The realization that the heliocentric view was also not true in a strict sense was achieved in steps. That the Sun was not the center of the universe, but one of innumerable stars, was strongly advocated by the mystic Giordano Bruno; Galileo made the same point, but said very little on the matter, perhaps not wishing to incur the church's wrath. Over the course of the 18th and 19th centuries, the status of the Sun as merely one star among many became increasingly obvious. By the 20th century, even before the discovery that there are many galaxies, it was not an issue.

Even if the discussion is limited to the solar system, the sun is not at the geometric center of any planet's orbit, but rather at one focus of the elliptical orbit. Furthermore, to the extent that a planet's mass cannot be neglected in comparison to the Sun's mass, the center of gravity of the solar system is displaced slightly away from the center of the Sun. (The masses of the planets, mostly Jupiter, amount to 0.14% of that of the Sun.) Therefore a hypothetical astronomer on an extrasolar planet would observe a "wobble".

Giving up the whole concept of being "at rest" is related to the principle of relativity. While, assuming an unbounded universe, it was clear there is no privileged position in space, until postulation of the special theory of relativity by Albert Einstein, at least the existence of a privileged class of inertial systems absolutely at rest was assumed, in particular in the form of the hypothesis of the luminiferous aether. Some forms of Mach's principle consider the frame at rest with respect to the masses in the universe to have special properties.
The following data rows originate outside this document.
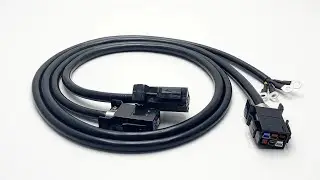Antminer T21 PSU P33 to P33 power cord and P33 to cold press terminal  power cable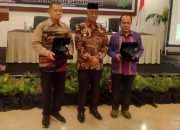 Pemkot Gorontalo Dianugerahi Penghargaan di Musyawarah Komwil VI APEKSI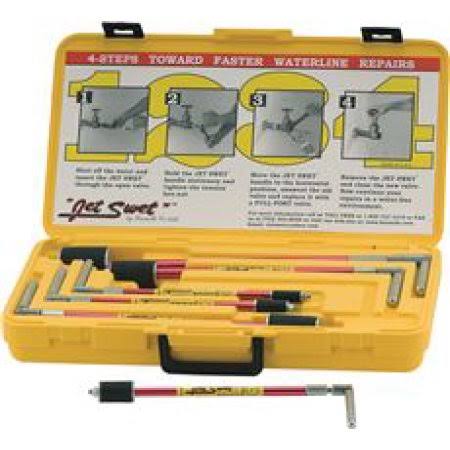 Jet Pack 1/2 in. to 2 in. with Case A921725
Modern use of geocentric and heliocentric

In modern calculations, the origin and orientation of a coordinate system often have to be selected. For practical reasons, systems with their origin in the center of Earth's mass, solar mass or in the center of mass of solar system are frequently selected. The adjectives geocentric or heliocentric may be used in this context. However, such selection of coordinates has no philosophical or physical implications.

Fred Hoyle wrote:

The relation of the two pictures [geocentricity and heliocentricity] is reduced to a mere coordinate transformation and it is the main tenet of the Einstein theory that any two ways of looking at the world which are related to each other by a coordinate transformation are entirely equivalent from a physical point of view. (Hoyle, 1973, p. 78)

References

  • Fantoli, Annibale (2003). Galileo—For Copernicanism and the Church, third English edition, tr. George V. Coyne, SJ. Vatican Observatory Publications, Notre Dame, IN. ISBN 88-209-7427-4
  • Heilbron, J.L. (1999). The Sun in the Church: Cathedrals as Solar Observatories. Harvard University Press, Cambridge, MA.
  • Hoyle, Sir Fred (1973). Nicolaus Copernicus. Heinemann Educational Books Ltd., London.
  • Koestler, Arthur (1959). The Sleepwalkers: a history of man's changing vision of the universe. Hutchinson, London.
  • Joseph, George G. (2000). The Crest of the Peacock, second edition. Penguin Books, London.